* _ACTIVITY_:
Every line from the one with "惠典正版特斯拉传 实现不可能(埃隆·马斯克特约作品)" through the final line of the data below goes in the answer, copied exactly. Pictures do not.

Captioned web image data
* * * *

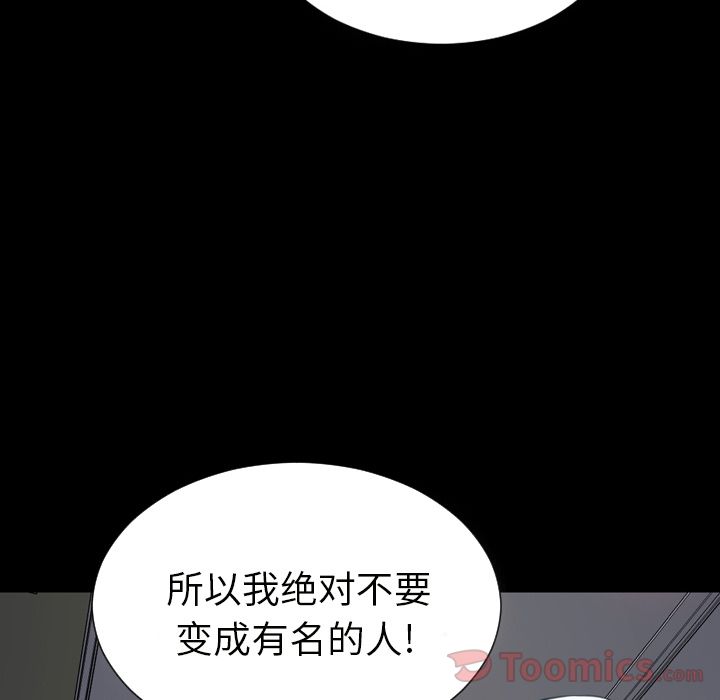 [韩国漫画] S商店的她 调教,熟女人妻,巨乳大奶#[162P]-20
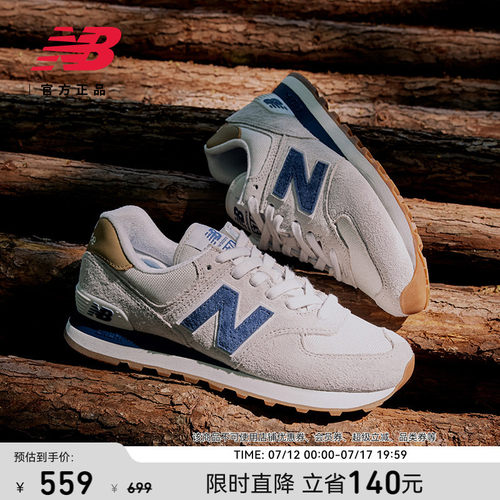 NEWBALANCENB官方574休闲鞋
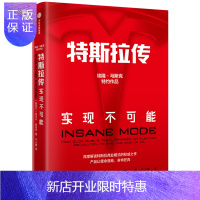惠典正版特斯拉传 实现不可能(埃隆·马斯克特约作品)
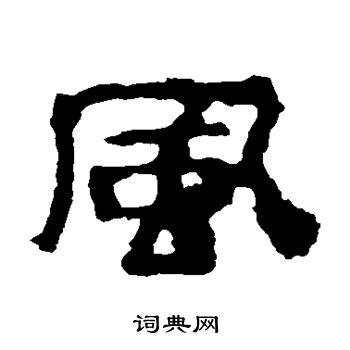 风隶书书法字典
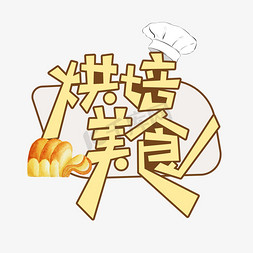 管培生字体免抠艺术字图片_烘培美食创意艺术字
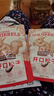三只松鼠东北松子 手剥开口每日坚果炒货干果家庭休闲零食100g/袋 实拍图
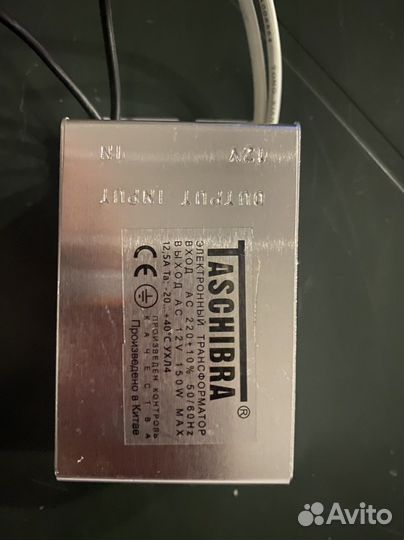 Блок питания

* * * *

* _PROBLEM SOLUTION_:
惠典正版特斯拉传 实现不可能(埃隆·马斯克特约作品)
 风隶书书法字典
 管培生字体免抠艺术字图片_烘培美食创意艺术字
三只松鼠东北松子 手剥开口每日坚果炒货干果家庭休闲零食100g/袋 实拍图
 Блок питания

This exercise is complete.